Starmer’s seeming caution over Siddiq – reportedly a close personal friend – looks somewhat different set against the quick defenestration of Louise Haigh in November, who resigned as transport secretary after it was revealed she had not declared a spent conviction from before she became an MP. This seemed a relatively mild infraction, but Haigh had allegedly alienated allies of the Prime Minister after offering train drivers a 15 per cent pay rise without first clearing it with the Treasury and some believe the scandal was an internal “hit job”.One wonders what Sir Tony Blair makes of Labour’s shambolic approach to communication. He had to let his closest personal ally, Peter Mandelson, resign twice after all. Whatever you think of Blair, his sense of strategy and conviction is what the current Labour leadership appears to so conspicuously lack.
Even if this government has four and half years to go, it feels more like a phantom of Gordon Brown’s dog days than the sunlit uplands of 1997. The sense that our elites do not and cannot understand the struggles of “working people” (let alone those who don’t work) can be traced back to Brown’s awkward encounter with Gillian Duffy in 2010. Brown was trapped by Duffy’s comments over immigration and then was heard to call her “a bigoted woman”. It’s not the substance of the exchange that resonates today, but how it has become a touchstone of the chasm between rulers and ruled, something central to the appeal of Donald Trump in the US, whose populism is likely to influence British politics for at least the next four years.

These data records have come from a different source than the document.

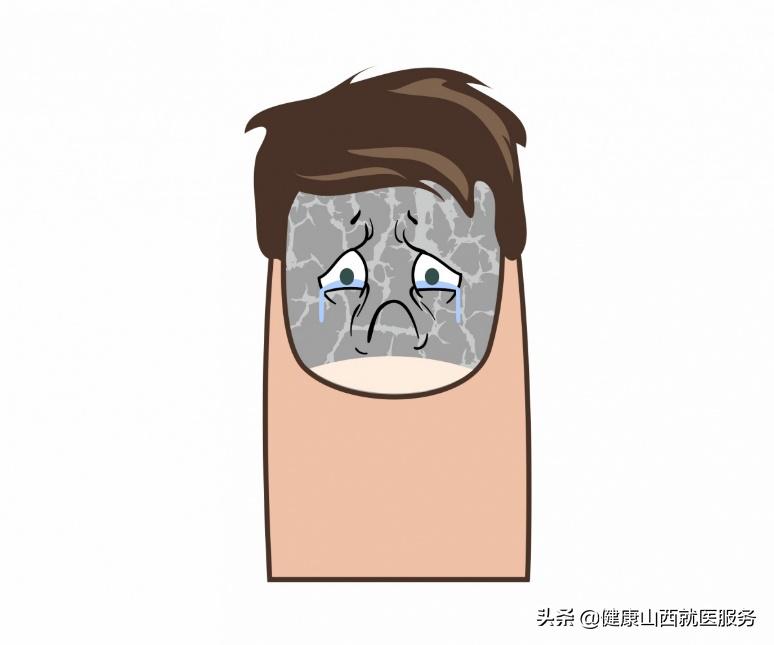 关于网上治疗灰指甲的谣言,白醋治灰指甲是谣言吗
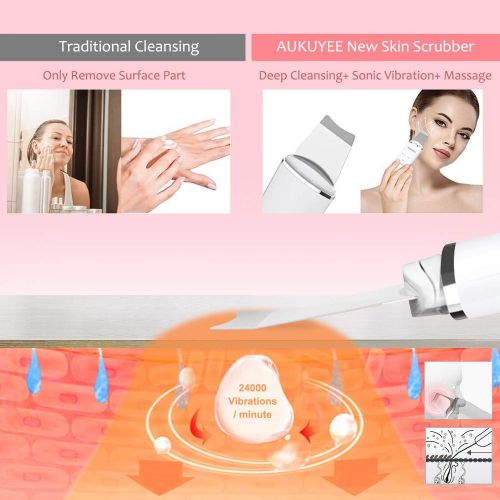  [아마존 핫딜] [아마존핫딜]AUKUYEE Ultraschall Haut Scrubber, Haut Scrubber Ultraschall-Peeling Porenreiniger Skin Scrubber Akne-Entferner Ionen Hautreiniger fuer Gesichtsreinigung Gesichtspflege (Weiss)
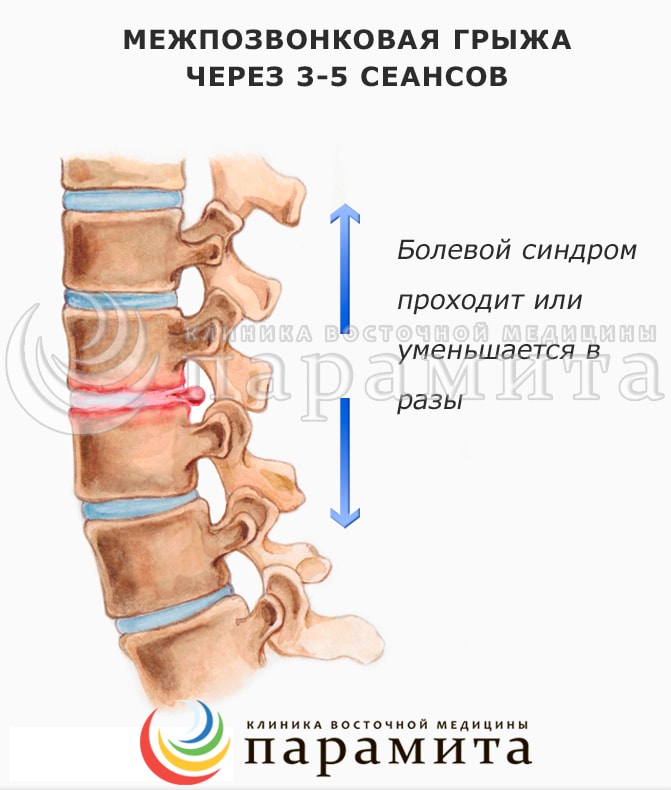 Боль в суставах и что сделать чтобы ее не было - Ваш домашний Боль в локтевом суставе: причины, симптомы и правильное лечение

That Siddiq’s situation is not the big story of the day is down to how Labour are handling their other problems. Aside from upsetting farmers, pensioners, small businesses, big businesses and the armed forces, the Government’s messaging on the grooming gangs scandal has been less than convincing.
Yes, their opponents have seized on this horrific subject opportunistically, but that does not mean there is nothing left to discuss. Portraying the issue as something that the public should move on from seems unwise. The quickest way to facilitate the far-Right is to cede ground for them to move into.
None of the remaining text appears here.